Every year, the list grows longer. This year it was a 16-year-old from California who spent weeks in a medically induced coma after suffering brain damage in March. And there was the 14-year-old from Ohio who last year was drilled just above the hairline and had surgery to remove half of his skull.
The names change, but the stories are mostly the same about baseball players suffering serious injuries while getting struck with line drives off of bats built with NASA-style technology.
Are we waiting for a pitcher to die before we come to our senses and force wood bats back into the game?
We keep pushing for bigger, faster and harder with the idea that it somehow equates to better, but that's not always true in baseball. In fact, the game on most amateur levels is worse than it was 30 years ago because technology has reduced our baseball IQ while placing less emphasis on fundamentals.
Why bunt the ninth batter with a man on first and nobody out in the last inning of a tie game, for example, when the pipsqueak can drive a triple into the gap? And why play the corners in when A) the aforementioned pipsqueak can't bunt and B) can drive the ball into the third baseman's esophagus?
Baseball for years was the one sport that transcended generations, the one in which you could best compare yesteryear's players to those of today because the equipment was basically the same. Now, too many players are hitting 400-foot opposite-field homers using an Ultra Titanium Super Bazooka XXL 1000 or whatever their bats are called.
Here's a suggestion: Bring back wood bats on all levels or dumb down technology so aluminum and composite bats react more like wood rather than a scud missile launcher. Equipment companies that used technology to spruce up the Bat Exit Speed Ratio certainly have the intelligence to jam it into reverse.
See, wood makes the game safer and better.

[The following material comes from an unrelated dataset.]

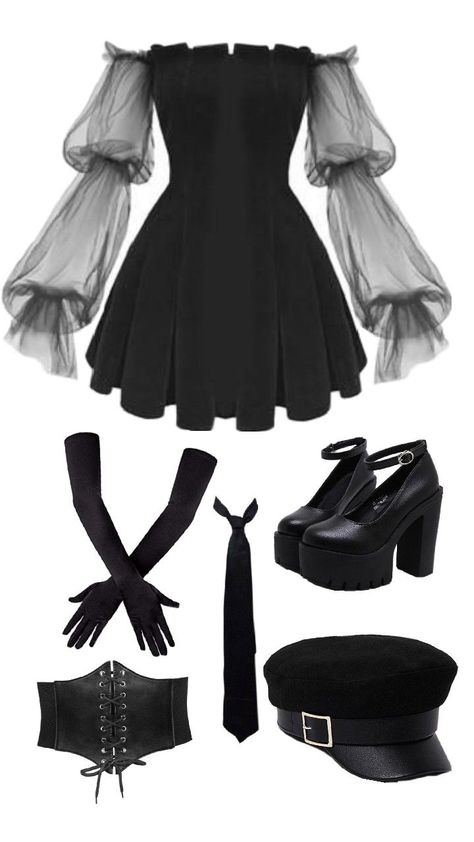 Black Date Outfit, Gothic Chic, Medical Outfit, Concert Fashion, Cute Dress Outfits, Fantasy Gowns, Graduation Outfit, Goth Outfits, Kpop Fashion Outfits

Aluminum bats were introduced in the 1970s as a means of saving money. Manufacturers still insist that non-wood bats can last several years. The reality is players reload every season with new bats that are lighter and stronger with a larger sweet spot (see: more expensive), allowing them to hit balls farther.
The Easton Speed II Regular Flex, for example, is a two-piece war club that supposedly maximizes energy transfer and provides for lighter swing weight and faster swing speed -- all within high school rules, mind you -- and costs $419. For that much money, it better come with a batting coach. Heck, you could buy 10 suitable wood bats for the same price.
Last month, the NCAA voted to ban composite bats for next season. It was a move that was long overdue but didn't go far enough. Many schools feared the loss of money from equipment companies that either pay schools to use their products or supply them with free gear, particularly at the Division I level.
Sorry, but if you're good enough to play college baseball, you're good enough to play with a wood bat. It's particularly ridiculous that D-I schools such as superpowers South Carolina and UCLA, which are in the College World Series finals, don't play with wood.
Fortunately, some local leagues have been ahead of the curve. The Monsignor Martin Association has been playing with wood only for the past several seasons. Section VI should do the same. The County of Erie Baseball Association is among several leagues that turned exclusively to wood.
They found shorter games and more strategy without beer-league softball scores. It restored bunting and other lost arts, such as the hit and run. Batters still hit the ball hard, but only when they hit it right. They discovered a pure form of baseball, which was baseball at its best.